Clearwire Corporation (NASDAQ: CLWR) and Sprint Nextel Corporation (NYSE: S) today announced that they have entered into a definitive agreement to combine their next-generation wireless broadband businesses to form a new wireless communications company.
The new company, which will be named Clearwire, will be focused on expediting the deployment of the first nationwide mobile WiMAX network to provide a true mobile broadband experience for consumers, small businesses, medium and large enterprises, public safety organizations and educational institutions. The new Clearwire expects to dramatically enhance the speed and manner in which customers access all that the Internet has to offer at home, in the office and on the road.
Sprint and Clearwire also announced today that five innovative technology, content and communications leaders – Intel Corporation (NASDAQ: INTC) through Intel Capital, Google Inc. (NASDAQ: GOOG), Comcast Corporation (NASDAQ: CMSCA, CMCSK), Time Warner Cable Inc. (NYSE: TWC), and Bright House Networks – have collectively agreed to invest $3.2 billion into the new company. The investment by the five strategic investors will be based on a target price of $20.00 per share of Clearwire’s common stock, subject to a post-closing adjustment. This adjustment is based upon the trading prices of new Clearwire common stock on the NASDAQ Market over 15 randomly selected trading days during the 30-trading day period ending on the 90th day after the closing date. The price per share will be based upon the volume weighted average price on such days and is subject to a cap of $23.00 per share and a floor of $17.00 per share. In addition, Trilogy Equity Partners, led by wireless veteran John Stanton, will invest directly in the new Clearwire’s common stock.

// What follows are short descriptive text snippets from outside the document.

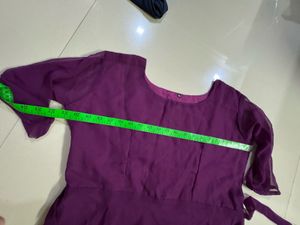 Purple one piece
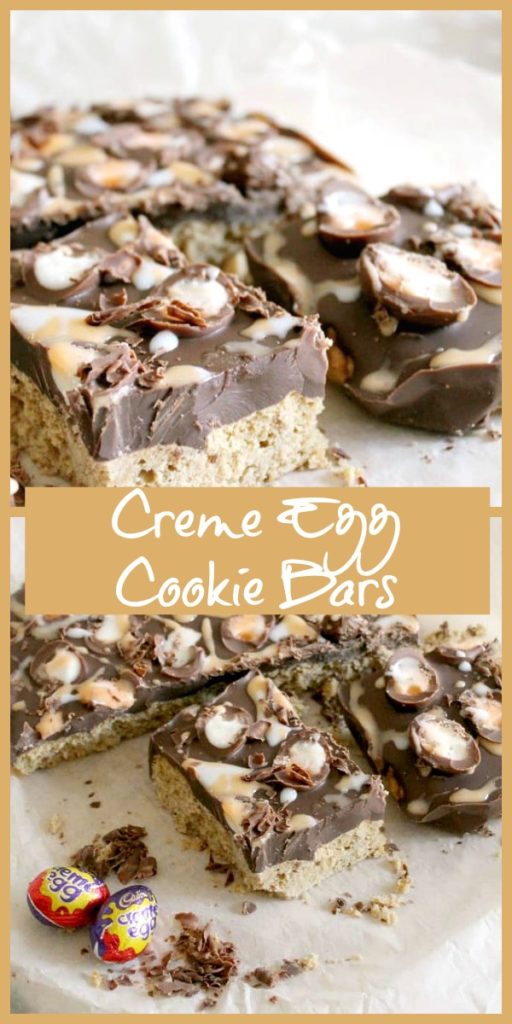 Creme Egg Chocolate Cookie Bars BakingQueen74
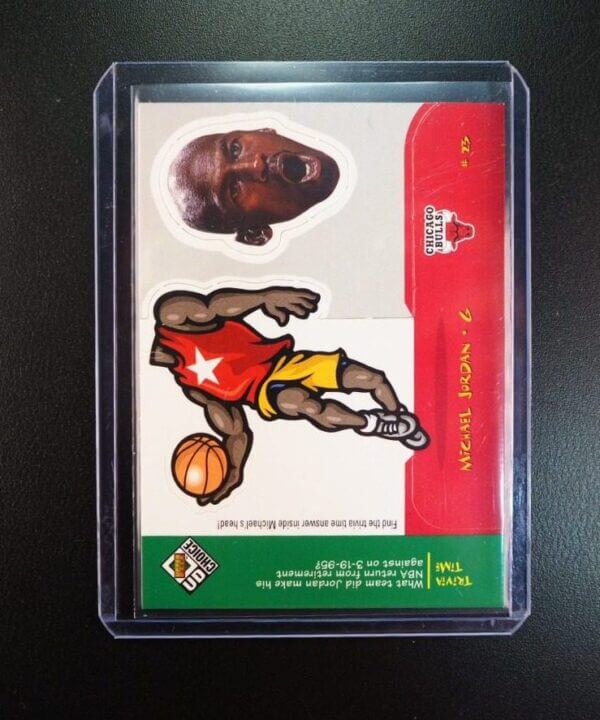 1998-99 UD Choice Mini Bobbing Heads #30 Michael Jordan Basketball Card Chicago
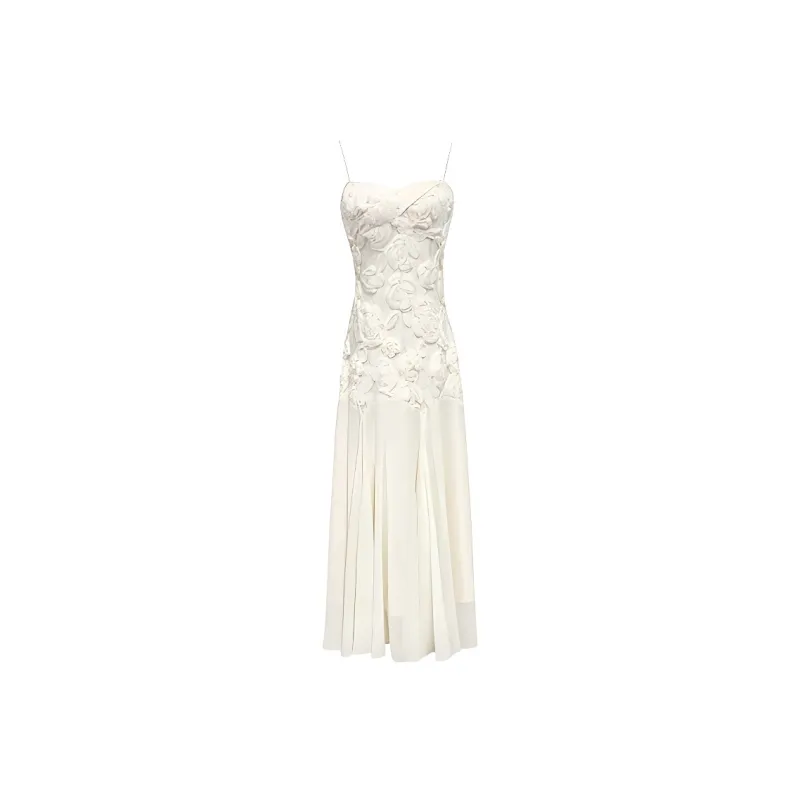 GUOZHEN Slip Dresses Women's Apricot-0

Upon completion of the proposed transaction, Sprint will own the largest stake in the new company with approximately 51 percent equity ownership on a fully diluted basis assuming an investment price of $20.00 per share. The existing Clearwire shareholders will own approximately 27 percent and the new strategic investors, as a group, will be acquiring approximately 22 percent for their investment of $3.2 billion, both on a fully diluted basis assuming an investment price of $20.00 per share.
Sprint and Clearwire also announced a series of commercial agreements with the strategic investors, including 3G and 4G wholesale agreements.
“For Sprint shareholders, this is an opportunity to unlock and bring visibility to the value of our significant spectrum assets, technology and expertise, by leveraging the technology, applications and distribution strengths of our investors, who together command nearly a half- trillion dollars in market capitalization,” said Dan Hesse, president and chief executive officer of Sprint. “We’ve made an excellent start developing XOHM WiMAX services. Contributing those advances to a strongly backed new company – in which we’ll hold the largest interest – provides Sprint with additional financial flexibility and allows Sprint management to leverage and focus on our core business.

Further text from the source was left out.